Problem details: Below are lines of records; copy exactly those from the one containing "Custom Black Gold-White" through the one containing "Calendario tascabile vintage", leaving the pictures behind.

Pictures with short captions

● ● ● ●

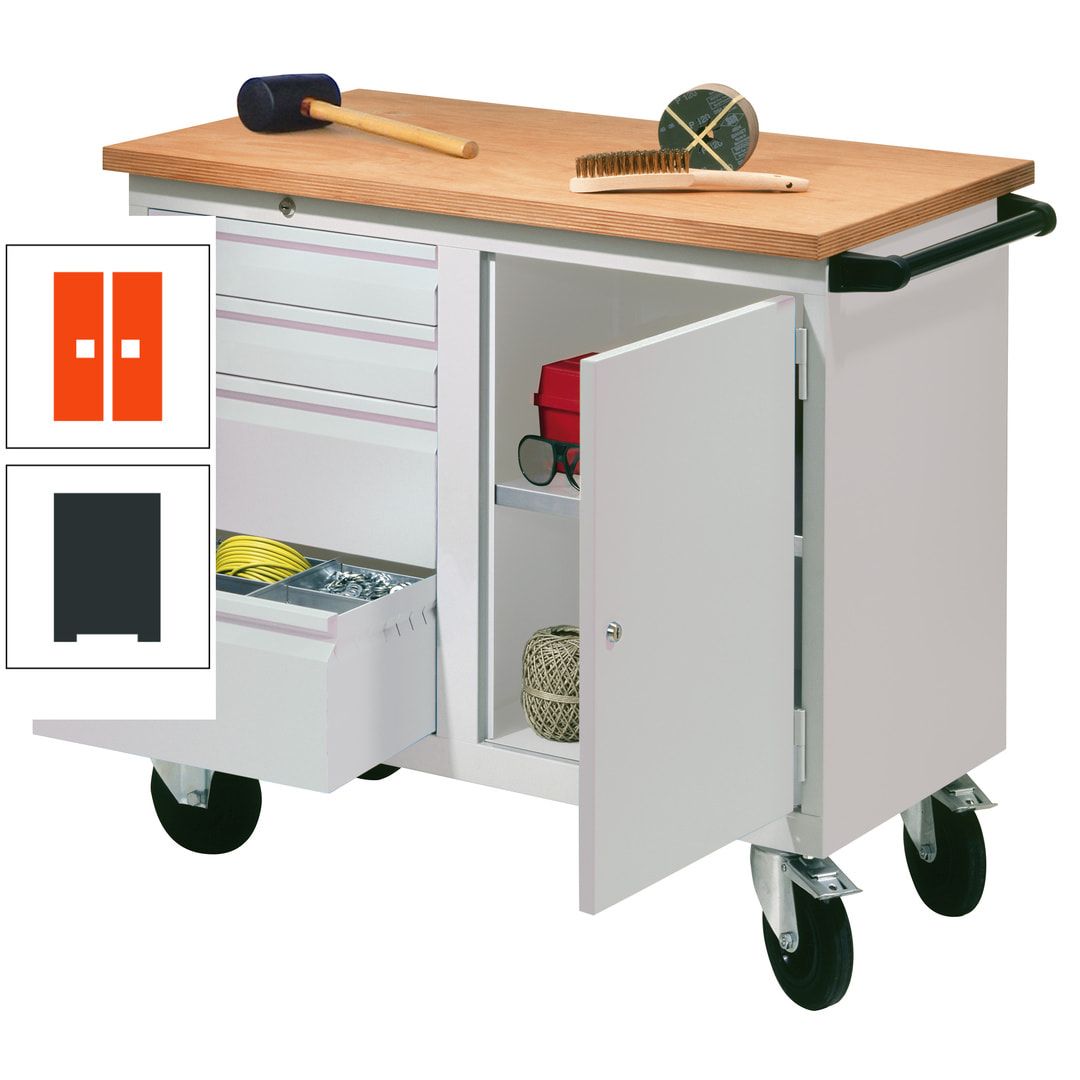 Mobile Werkbank - Werkstattwagen - 915 x 1.090 x 600 mm - 4 Schubladen und Schrankfach - anthrazitgrau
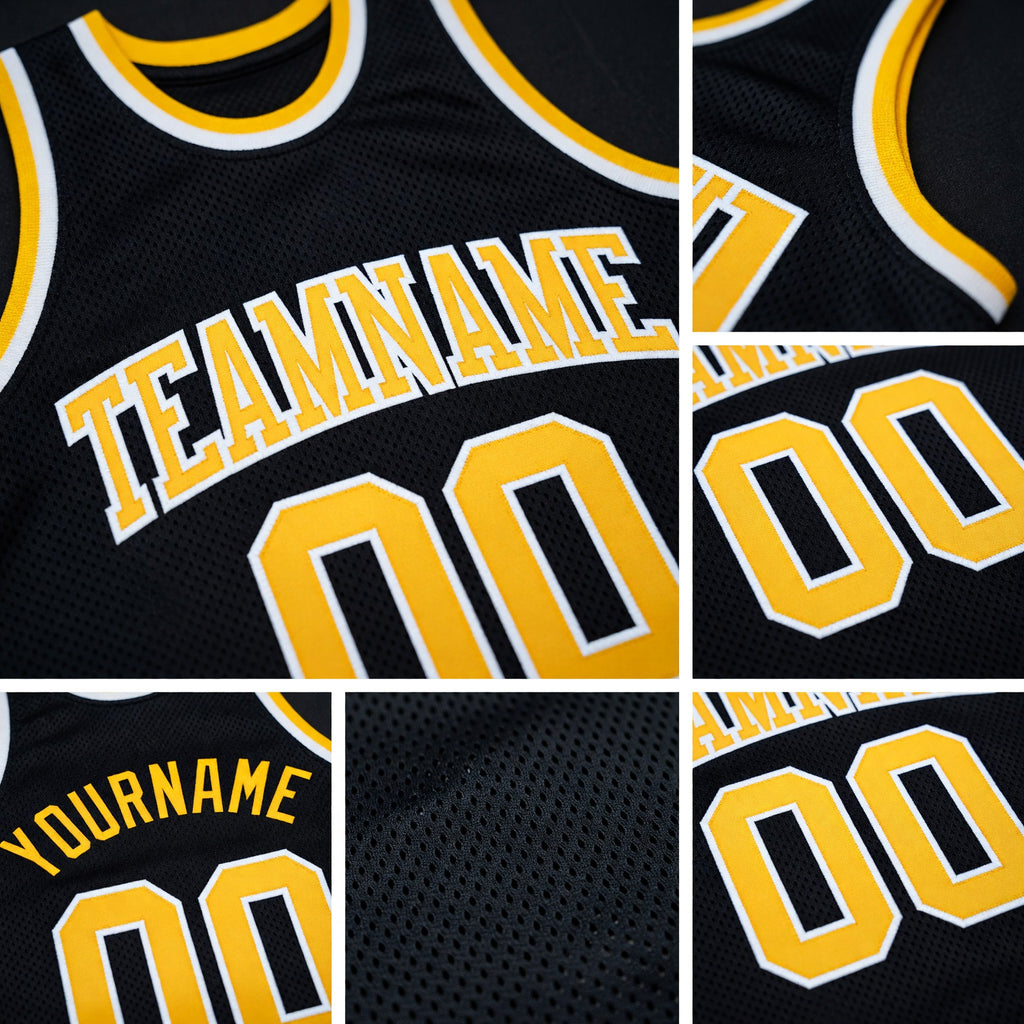 Custom Black Gold-White Authentic Throwback Basketball Jersey detail
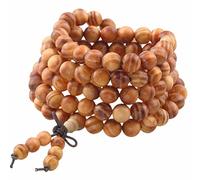mookaitedecor 108 Mala Bracelet Perles de Prière en Bois Yoga Collier pour Homme Femme,Bois Empereur Sang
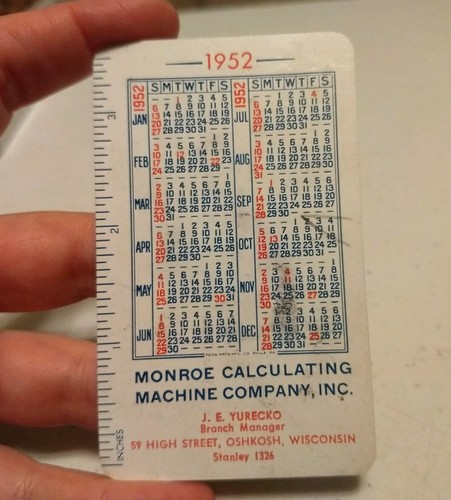 Calendario tascabile vintage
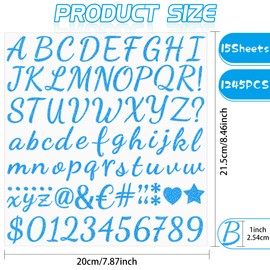1245Pcs Letter Stickers 15 Sheets Alphabet Stickers Vinyl Blue Sticker Letters 1Inch Self-Adhesive Glitter Number ABC Stickers for Scrapbook Water Bottles Graduation Cap Crafts Mailbox Sign (Blue)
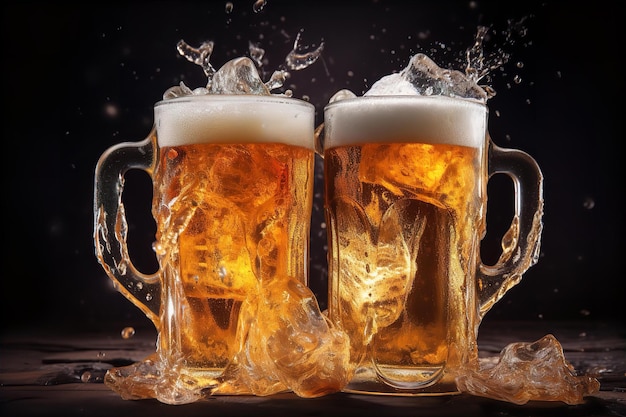 Splashing Cheers of Beers Alcoholic Beverage Concept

● ● ● ●

Solved exercise:
 Custom Black Gold-White Authentic Throwback Basketball Jersey detail
mookaitedecor 108 Mala Bracelet Perles de Prière en Bois Yoga Collier pour Homme Femme,Bois Empereur Sang
 Calendario tascabile vintage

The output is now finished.